Switzerland is renowned for its impressive mountains. Another mountain made of assets under management at Swiss banks grew last year due to a combination of favorable developments. But what's next?

The combination of strong new money inflows and favorable market conditions resulted in a very good year for assets under management (AuM) at Swiss banks, a finews.com review of the results of 25 institutions shows.

One of the drivers was low, in some cases negative, interest rates which prompted investors to put even more funds into equities, helping drive valuations to stratospheric heights.

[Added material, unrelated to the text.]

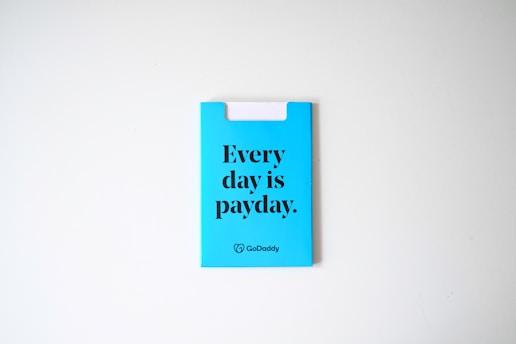 A blue card with the phrase 'Every day is payday.' printed in bold black letters. The card also has a GoDaddy logo at the bottom.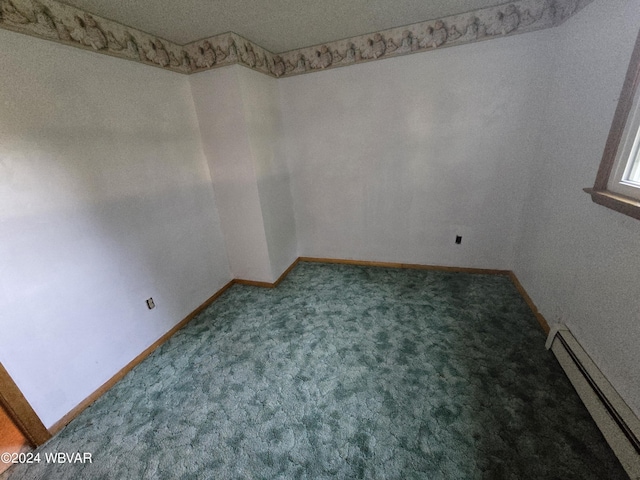 carpeted spare room with a textured ceiling and baseboard heating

Simultaneously, many clients parked their assets in top-tier Swiss financial institutions, including private banks where partners’ money is also on the line. 

AUM Englisch 500

(Click the graphic to enlarge)

Last year's strong economic performance also led to companies performing well which paid off in the form of higher stock market valuations. Even the specter of looming inflation was taken with a grain of salt and viewed in the context of it being of a temporary nature. Taken together, these developments led to higher new money inflows into banks, massively boosting assets under management. 

Top Two

Not surprisingly, UBS was (again) the largest asset manager with $3.1 trillion under management, more than twice the $1.6 trillion francs at second-placed Credit Suisse. 

Because of the Greensill Capital and Archegos Capital Management scandals, Credit Suisse suffered horrendous losses and damage to its reputation last year, which limited new money inflows. Particularly in Asian growth markets.

Uncertainty and Opportunity

There are clearly strong signals this year that the sky is no longer the limit. Inflation is no longer being viewed as transitory as it was last year, and of course, the war in Ukraine has deeply shaken financial markets.

Central banks have started to raise interest rates and are signaling there are more to come in order to tame inflation. Coupled with a slowing global economy, conditions for a sustained increase in share and asset prices are not as favorable as they were last year. 

Change Also Brings Opportunity

Stock market volatility is currently very high and will help boost trading income, but 2022 is likely to go down in the annals of financial history as a year of change. But change also brings opportunity, and it is up to the banks to use that to write the next chapter.